From the data that follows, print exactly the lines starting at the one containing "Miniatyrbild 1 av" and ending at the one containing "Casa Turiddu Apartment"; include both of them and nothing more.

• [Records provided]:
[Start of section]
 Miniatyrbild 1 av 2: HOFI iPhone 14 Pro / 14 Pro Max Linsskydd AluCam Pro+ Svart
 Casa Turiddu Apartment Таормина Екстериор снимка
[End of section]
[Start of section]
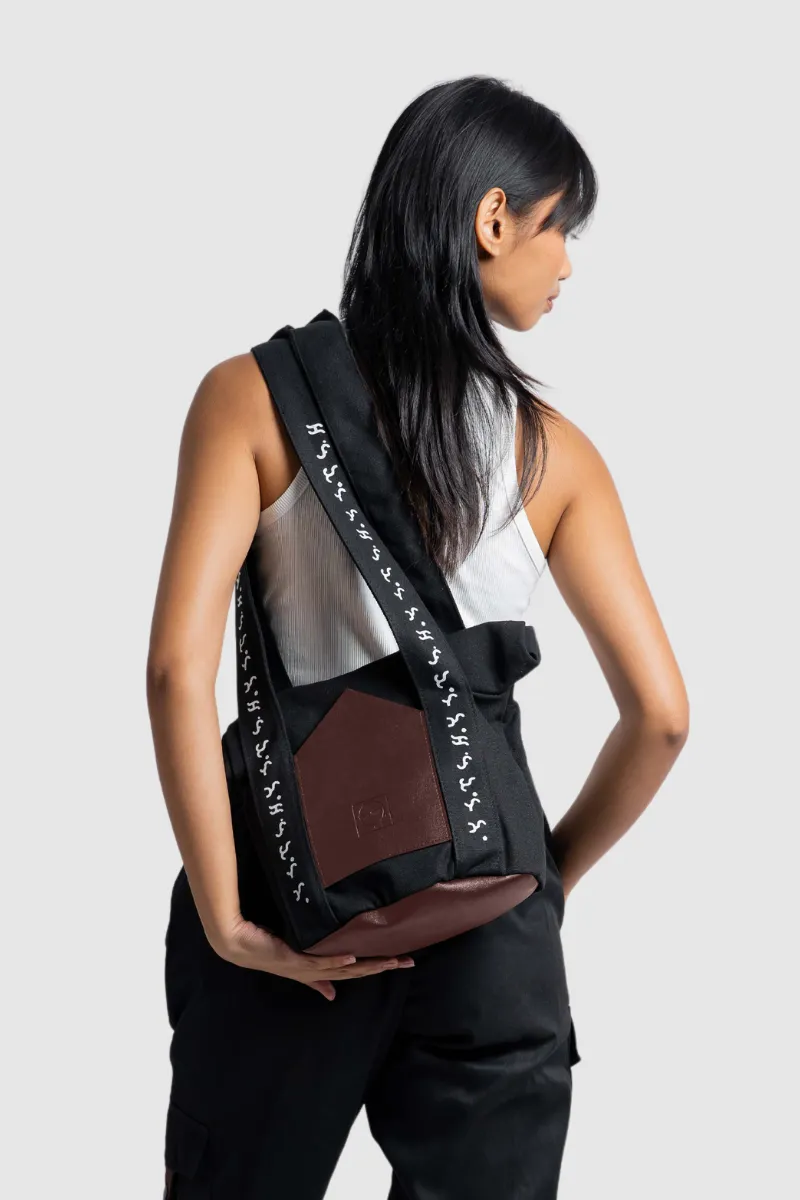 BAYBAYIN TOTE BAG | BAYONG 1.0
[End of section]
[Start of section]
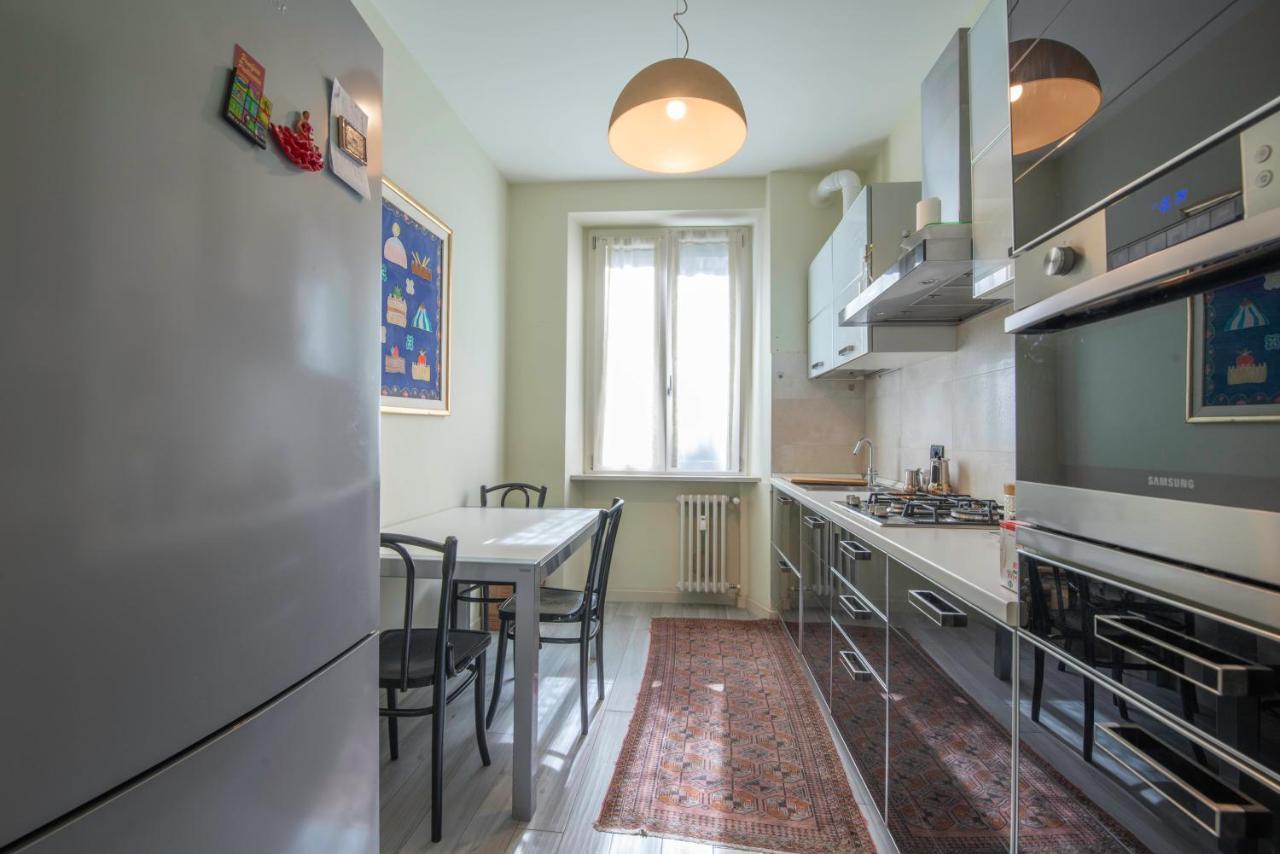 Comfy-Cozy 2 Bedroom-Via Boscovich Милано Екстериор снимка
[End of section]
• [Result]:
 Miniatyrbild 1 av 2: HOFI iPhone 14 Pro / 14 Pro Max Linsskydd AluCam Pro+ Svart
 Casa Turiddu Apartment Таормина Екстериор снимка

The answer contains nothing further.